Royal Liver Assurance  was a friendly society with over 1.7 million members in Ireland and the United Kingdom. Subject to Financial Services Authority (FSA) approval, Royal Liver and its subsidiaries became part of the Royal London Group on 1 July 2011.

History

The Liverpool Lyver Burial Society was founded by a group of working men from Liverpool in the Lyver Inn on 24 July 1850 to "provide for the decent interment of deceased members". By 1857 the Society had moved to its fourth head office and had expanded throughout the United Kingdom. By the end of the 1890s a decision was taken to build what would become the Royal Liver Building; it opened on 19 July 1911.

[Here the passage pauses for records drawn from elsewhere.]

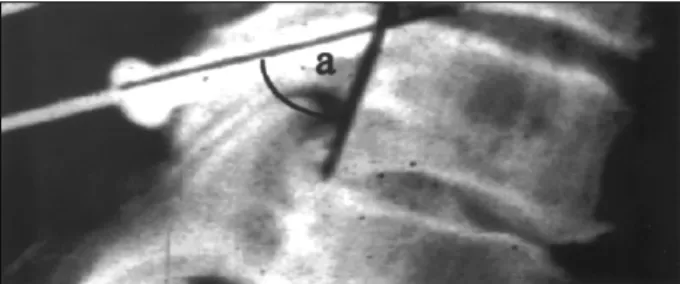 Fig. 1. A lateral radiograph of the specimen showing how the  saggittal angle (a) is measured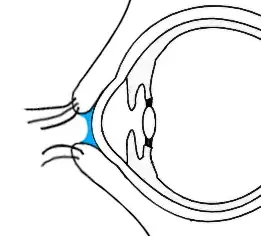 concave lens due to curved water surface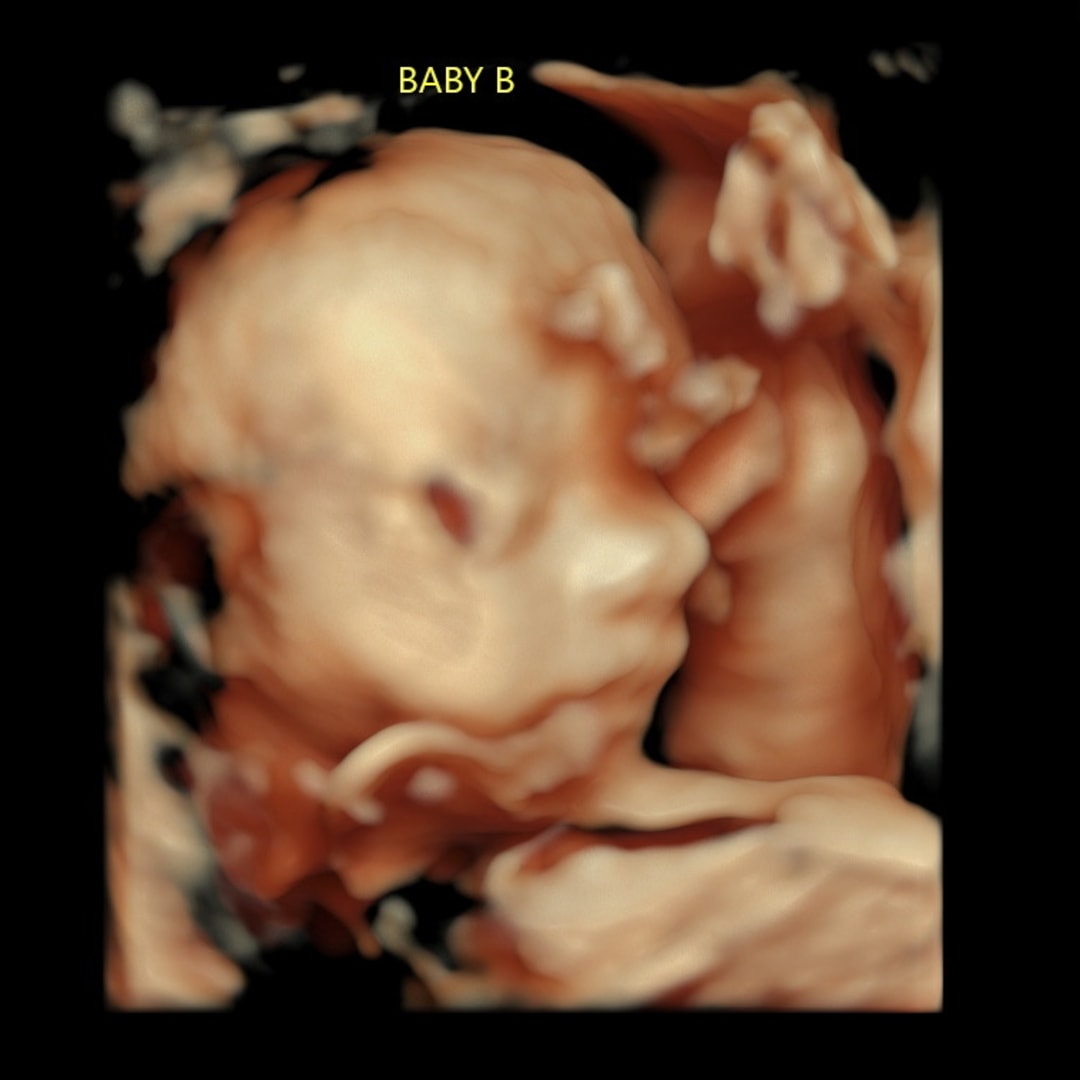Photo shared by Kylee for their Babylist baby registry.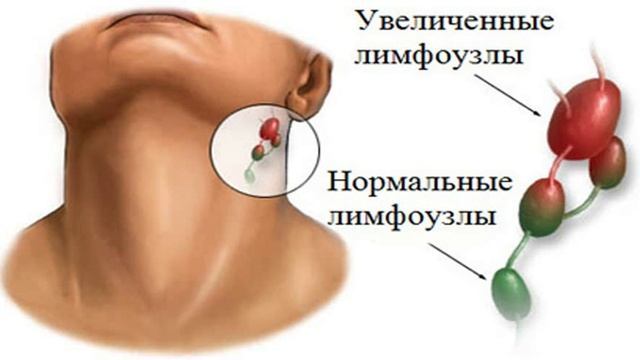 ВИРУС ЭПШТЕЙН БАРР смотреть онлайн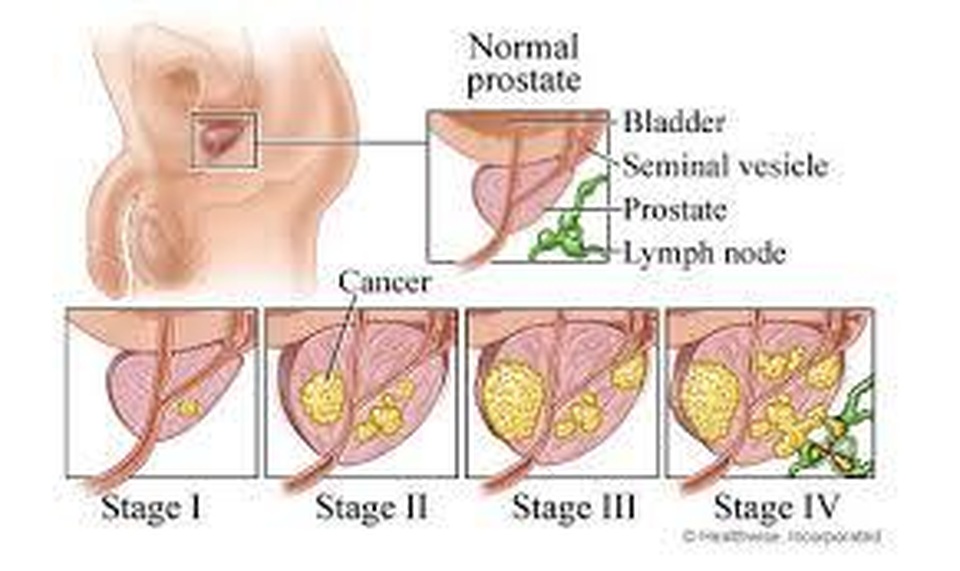 PUR: Test quý để lượng giá mức độ ung thư tiền liệt - 4 PUR: Test quý để lượng giá mức độ ung thư tiền liệt - 4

William Field was a managing director of Royal Livers Friendly Society in 1911.  His Father, John Field, born 1820 was an agent for the Society by 1860. William Field is pictured in the 150-year Commemorate Book put out by the Society. It is believed that one of the pillars of the Royal Liver Building has the family Motto "Fair Field No Favours" on it. William Field died in 1916 while still employed by the Society. It is believed that others of the Field family were also involved with the management of the Society during this time.

During the 20th century, Royal Liver Assurance expanded to cover the whole of Ireland and the UK.

Today, Royal Liver Assurance employs around 900 people, has approximately 3.4 million policies in force for 1.7 million members and manages more than £3.7 billion in funds.

The Royal Liver Assurance has operated a delegation system since 1886; today, there are about 230 or so elected delegates.

The Royal Liver Poetry of Place competition sees schoolchildren write poems about their favourite Liverpool places, which are voted for by the public via the Royal Liver website.

Royal Liver Group
At the time of its acquisition by the Royal London Group in 2011 The Royal Liver Group consisted of:
 Royal Liver Assurance Limited (RLAL), an Incorporated Friendly Society, founded in Liverpool in 1850 for the mutual benefit and financial security of local families. RLAL also traded under the names Progress (in the UK) and Caledonian Life (in Ireland).

RLAL had two subsidiary companies:
 Royal Liver Asset Managers in the UK
 Citadel Financial Advice Limited in Ireland.

Royal Liver previously had a financial advisor company called Park Row, however this was wound up following an investigation by the FSA.

Although owned by Royal Liver, Citadel is an independent company offering financial advice on a wide range of issues and financial services in Ireland.

Takeover

In 2007, Royal London approached Royal Liver about a possible combination of their businesses, but Royal Liver decided to remain as an independent entity.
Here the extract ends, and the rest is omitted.